= Samson of Chinon =

French Talmudist

Samson ben Isaac of Chinon (c. 1260 – c. 1330) (Hebrew: שמשון מקינון) was a French Talmudist who lived at Chinon. In Talmudic literature he is generally called after his native place, Chinon (Hebr. קינון), and sometimes by the abbreviation MaHaRShaḲ. He was a contemporary of Peretz Kohen Gerondi, who declared Samson to be the greatest rabbinical authority of his time. The name of his brother was Matatia.

== Works ==

Samson was the author of the following works:
- Sefer Keritut (Constantinople, 1515), a methodology of the Talmud divided into five parts:
  - Bet Middot, treating of the thirteen rules of R. Ishmael
  - Bet ha-Miḳdash, on the rules for deductions by analogy and conclusions a fortiori
  - Netibot 'Olam, containing explanations of the 32 rules of R. Eliezer ben Jose ha-Gelili
  - Yemot 'Olam, giving the names and the chronology of the Tannaim and Amoraim, and setting forth a method for deciding between the contrary opinions of two Rabbis
  - Leshon Limmudim, explanations of certain halakic decisions.
The "Sefer Keritut," owing to its easy style and its author's great authority, became a classic.
- Ḳonṭres, a commentary on the Talmudic treatises Erubin and Abodah Zarah; mentioned in the Sefer Keritut.
- Bi'ur ha-Geṭ (Vienna MS. No. 48), on the laws concerning divorce.

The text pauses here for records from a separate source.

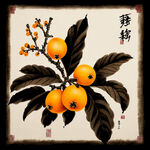 枇杷果国画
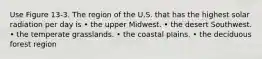 Use Figure 13-3. The region of the U.S. that has the highest solar radiation per day is • the upper Midwest. • the desert Southwest. • the temperate grasslands. • the coastal plains. • the deciduous forest region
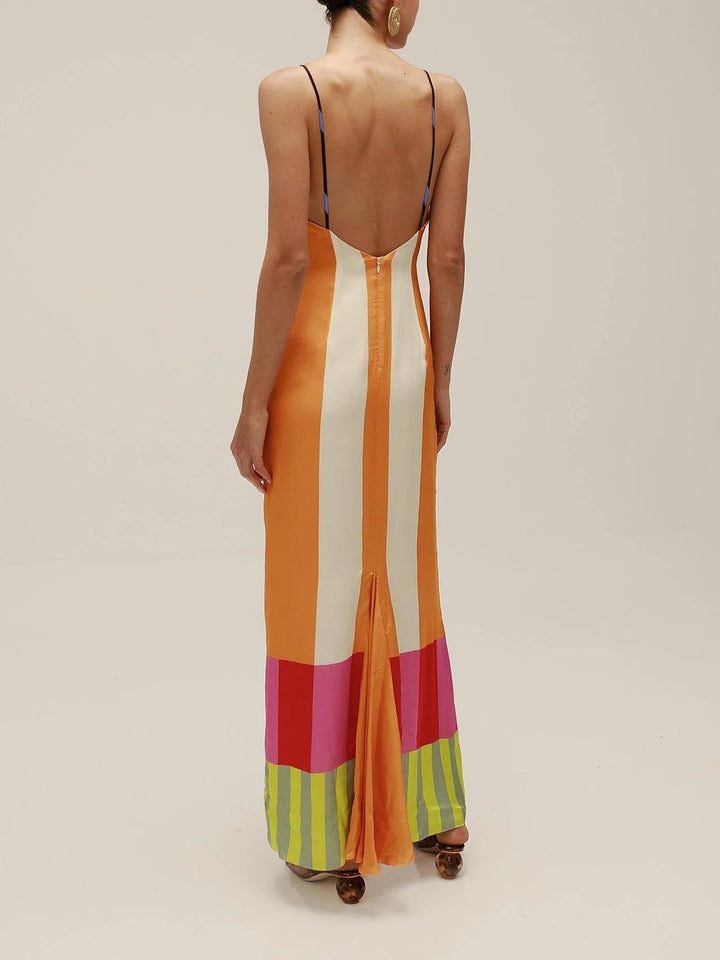 Melania™ | Maxi Abito Colorato a Righe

Samson wrote also responsa, several of which are quoted by Joseph Colon and Solomon ben Adret. According to Heinrich Gross, Samson was the author of the supercommentary on Ibn Ezra's commentary on the Pentateuch found by Judah Mosconi at Perpignan between 1363 and 1375 (Halberstam MS.). As regards the word (ממרשילאה = "of Marseille"), which appears in the manuscript after the name Samson of Chinon, Gross believes that Samson settled at Marseille after the banishment of the Jews from France.